Fransız İmparatoru hem savaş meydanında acımasız hem de ülkesinde tiran bir lider olarak tarihe adını altın harflerle yazdırmıştır.

Sıfırdan yükselerek bir kurtarıcıya dönüşen bu lider, liderlik yeteneğinin her sosyal sınıftan çıkabileceğini kanıtlamıştır. Savaş alanındaki başarıları, taktiksel dehası ve gaddarlığı ile efsaneleşen Napolyon Avrupa'da yedi farklı gücün birleşmesini gerektirecek kadar büyük bir tehdit oluşturmuştur.

Ancak sevgilisi, eşi ve imparatoriçesi Josephine'e olan tutkusu, savaşlardaki etkisi kadar hayatını şekillendirmiştir.

Ridley Scott, askeri dehası ve psikolojik karmaşasıyla Napolyon'un büyüleyici hikayesini beyaz perdeye taşıma arzusunu dile getiriyor.

Bu tür bir hikayeyi anlatma fırsatının pek az film yapımcısına nasip olduğunu belirten Scott, tarihi dramaların çekiciliğini ve ilginçliğini vurguluyor. Napolyon'un modern tarihin başlangıcını oluşturduğunu ve dünyayı dönüştürdüğünü, kurallar kitabını yeniden yazdığını ifade ediyor.

Scott, Napolyon'un film karakteri olarak büyüleyici bir varlık olduğunu belirtiyor.

Napolyon, çoğumuz gibi kalbinin ve duygularının tutsağıydı. Sadece stratejik zekası ve sezgisel politik yetenekleriyle değil aynı zamanda acımasızlığıyla da tanınıyordu.

Ödüllü sinema ustası Scott, Napolyon ve onun dönemine olan büyük ilgisini sinema kariyerinin başlangıcından bu yana sürdürüyordu.

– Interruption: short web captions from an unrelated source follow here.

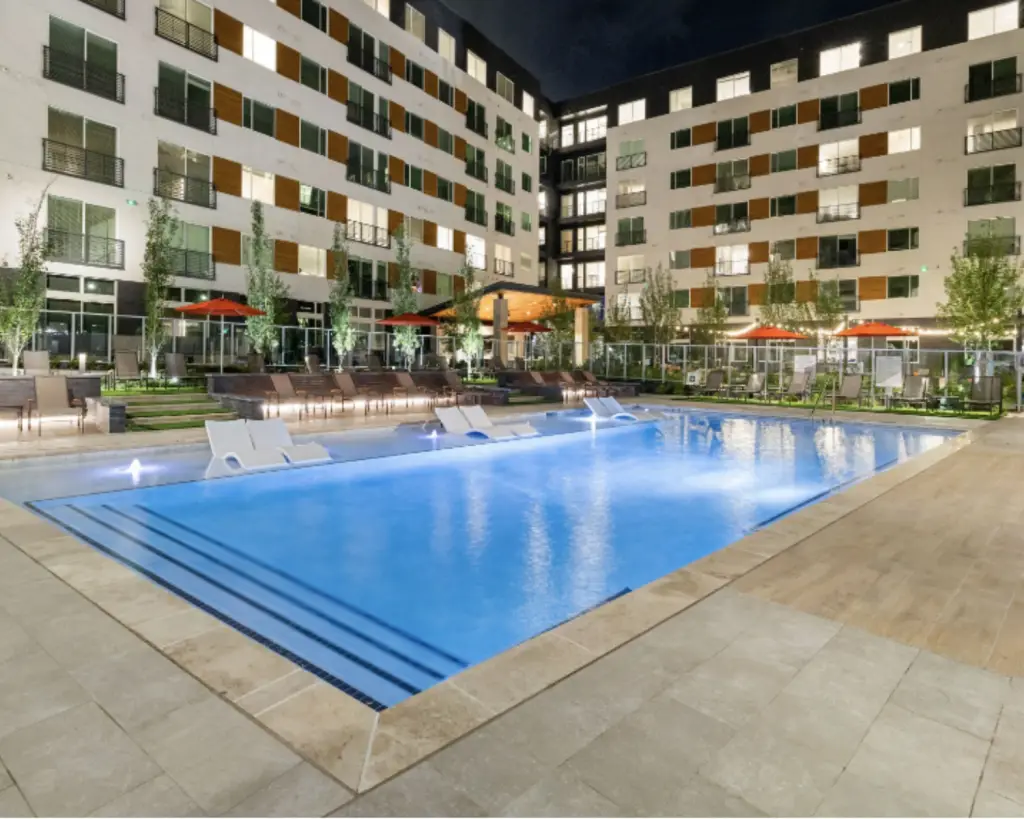 Image of an outdoor pool at night with loungers and apartment building.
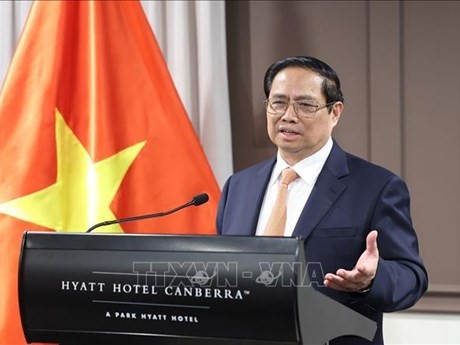 El primer ministro de Vietnam, Pham Minh Chinh, interviene en el encuentro. (Foto: VNA)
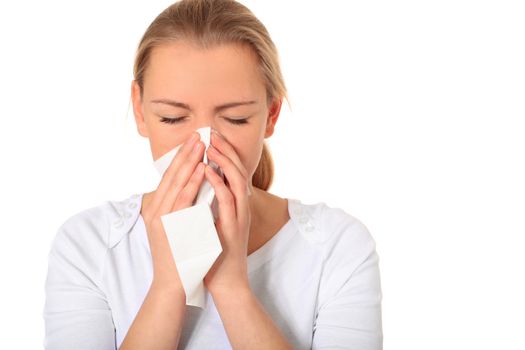 Attractive blonde woman using tissue. All on white background.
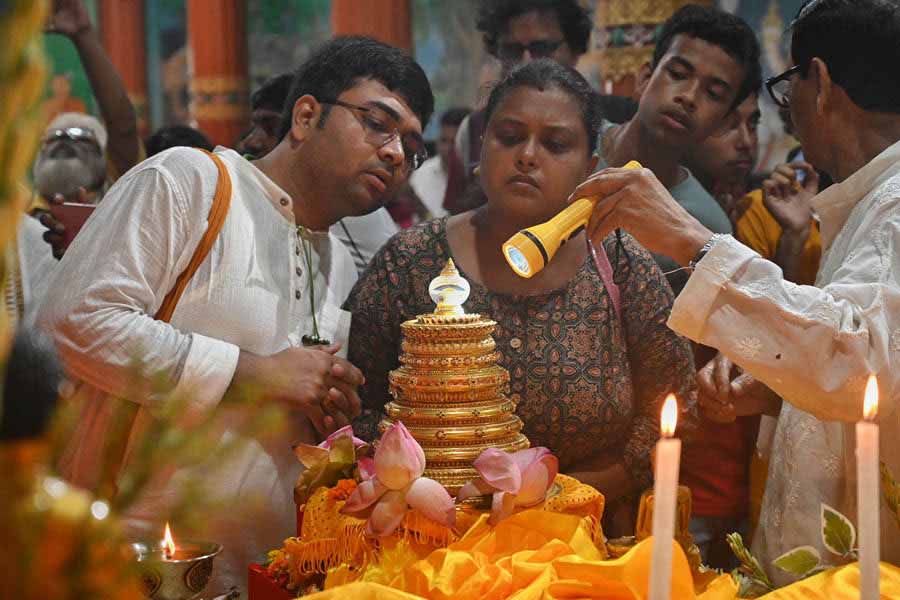 In pics: Devotion, prayers, candles and procession mark Buddha Jayanti celebrations from Dhakuria to Maidan and College Square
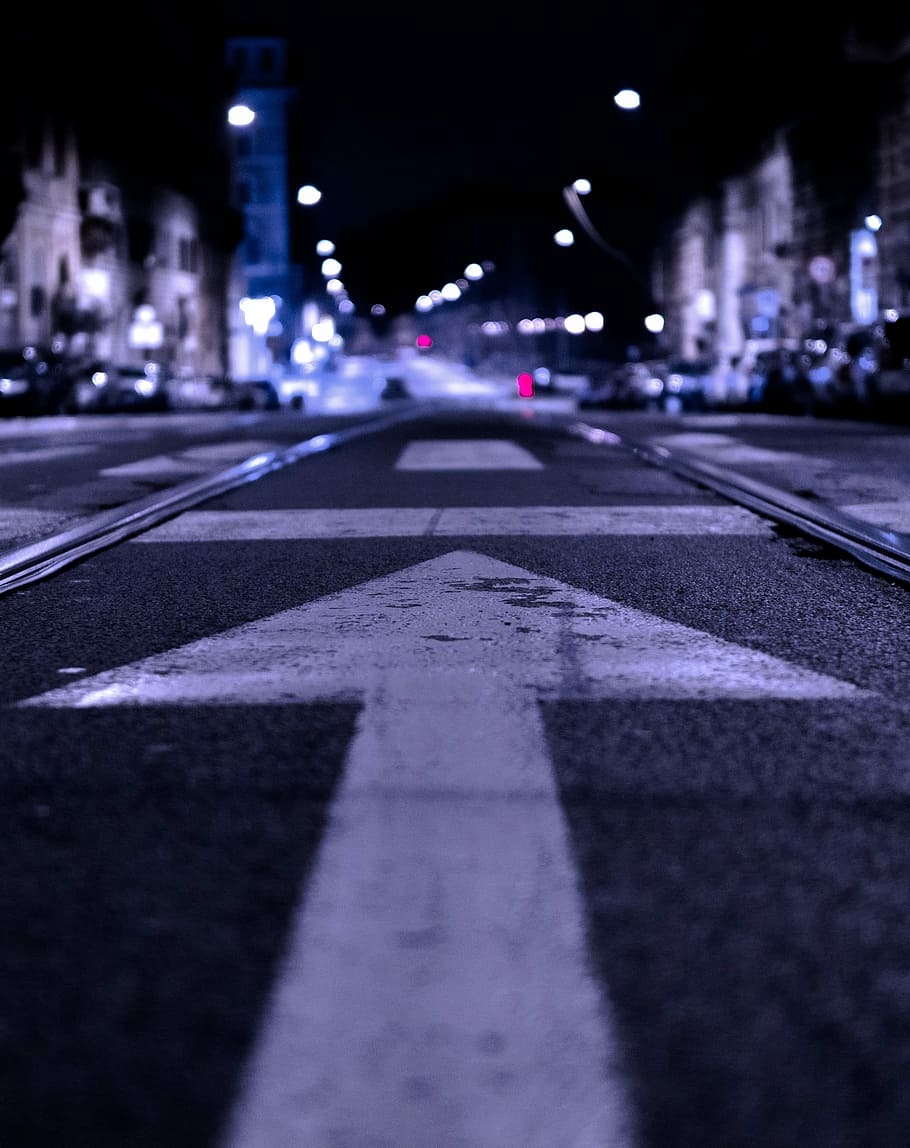 shallow focus photography of road with forward arrow illustration, worm's-eye view photography of road during nighttime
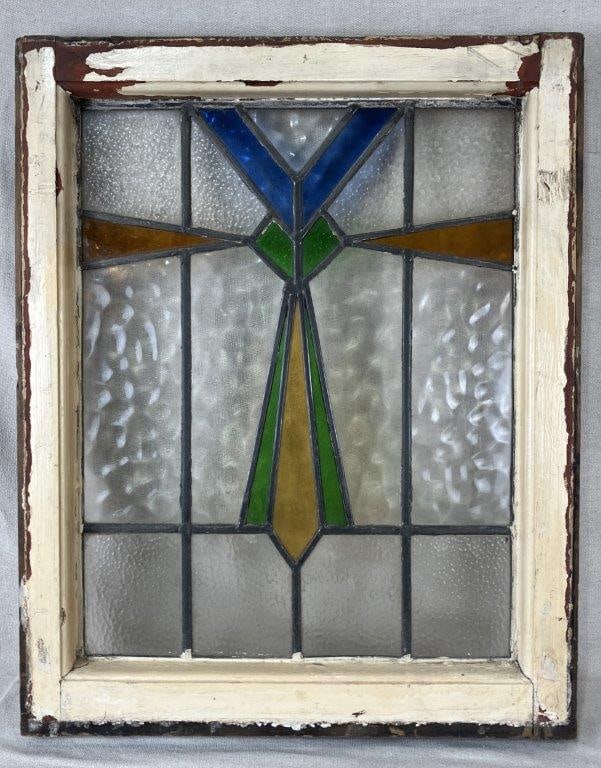 Stained Glass Window: A stained glass window featuring a bold geometric cross motif reflective of Art Deco design sensibilities. The colored glass panels are set within a distressed wood frame retaining softly toned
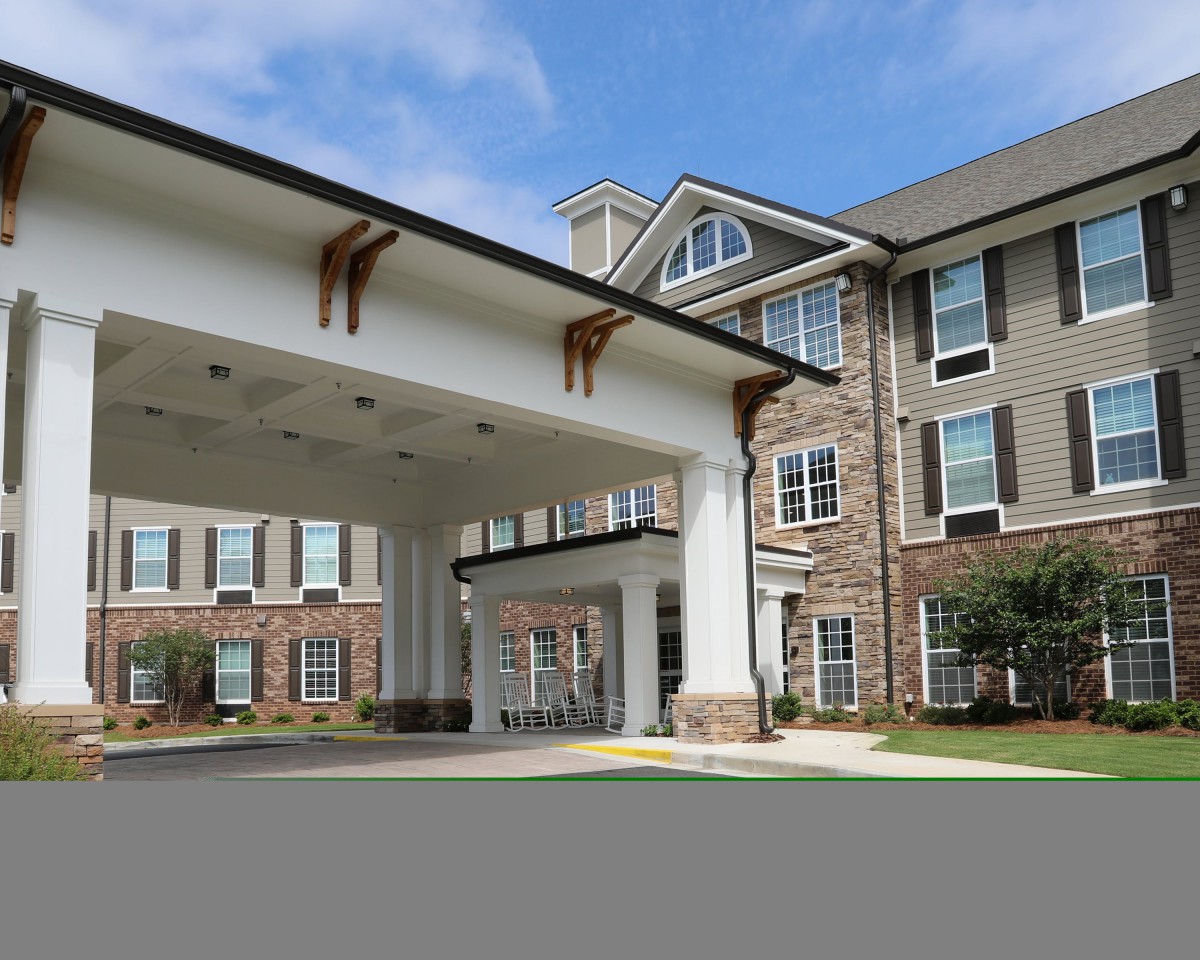 A modern residential building with a covered entrance.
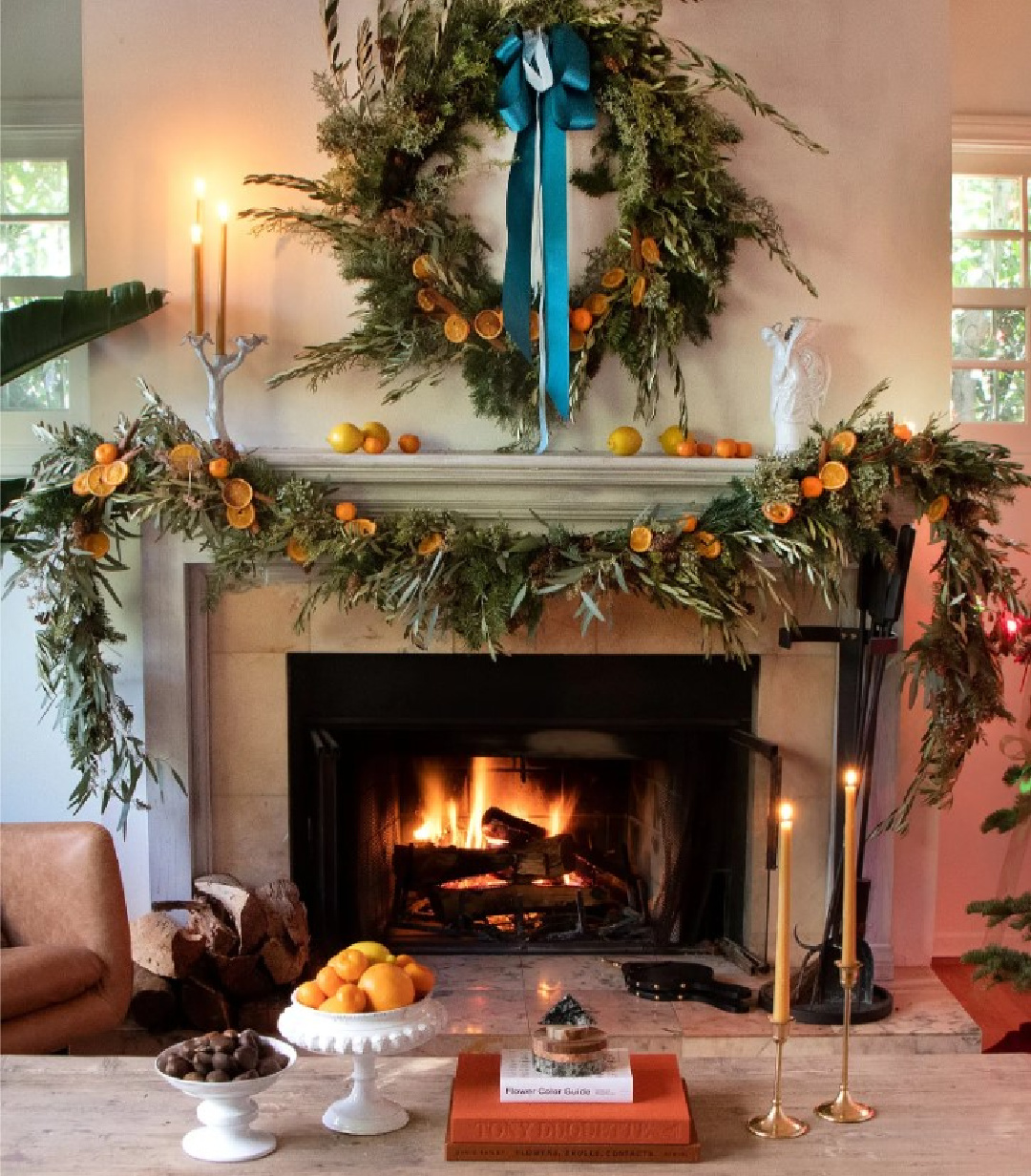 Michael Putnam designed holiday arrangements in Veranda. #holidayfireplace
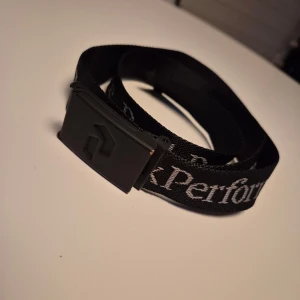 Bälte från Peak Performance - Säljer ett svart bälte från Peak Performance med vit logotyptext längs hela bandet.
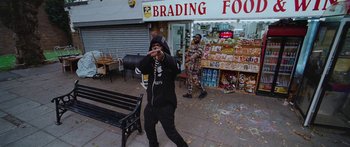 Movie still from “Ghetts feat. Skepta - IC3” (2020), directed by Hector Dockrill – Wide shot, Over the shoulder angle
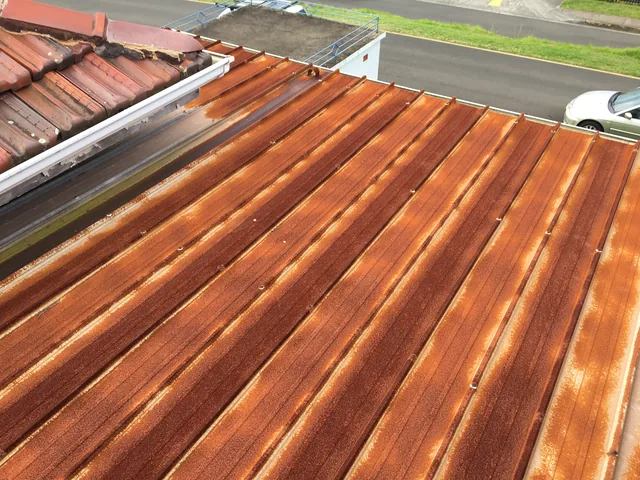 Corrugated metal roof with heavy rust across every sheet, before restoration.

İlk sinema filminde de Napolyon dönemini konu alan Scott, Napolyon'un psikolojik derinliğini araştırmanın onun efsanevi savaşlarını beyaz perdeye taşımak kadar heyecan verici olduğunu belirtiyor.

Scott, "Napolyon'a olan hayranlığın devam etmesinin sebeplerinden biri, onun karmaşık kişiliği. Onun hayatını basit bir şekilde açıklamak mümkün değil. Bir biyografi okuyarak olayların nasıl geliştiğini öğrenebilirsiniz, ancak benim sinemacı olarak ilgimi çeken, karakterinin derinliklerine inmek, tarihin ötesine geçip onun zihnine giriş yapmaktı." şeklinde konuşuyor.

Scott, Napolyon'un Josephine ile olan ilişkisini anlatırken bir dizi zıtlıkla karşılaşıyoruz.

Öncelikle Avrupa tahtına doğru ilerlerken savaş alanlarında komutanlık yapan Napolyon, bir yandan da sevdiği kadına olan tutkusuyla sarsılıyor. Bu taktik dehası, sevdiği kadınla birlikte olduğu anlarda ona olan aşkının karşısında tamamen çaresiz ve savunmasız bir hale bürünüyor.

Josephine'ye yazdığı mektuplar, onun bu aşkın etkisinde ne kadar kaba ve çocukça, aşırı romantik ve hatta müstehcen bir hale geldiğini gösteriyor.

Napolyon, bu kadına tamamen büyülenmiş durumda. Ancak Josephine, son ayrılıklarından sonra bile bu mektupları okumamış. Hatta öldüğünde, tüm mektuplar hala yatağının başucundaki çekmecede açılmamış bir şekilde duruyormuş.

Film yapımcısı Mark Huffam, yönetmen Scott'ın yeteneklerini ve deneyimlerini öne çıkararak Napolyon filminin Scott'ın vizyonunu, azmini ve becerisini gerektiren bir proje olduğunu vurguluyor.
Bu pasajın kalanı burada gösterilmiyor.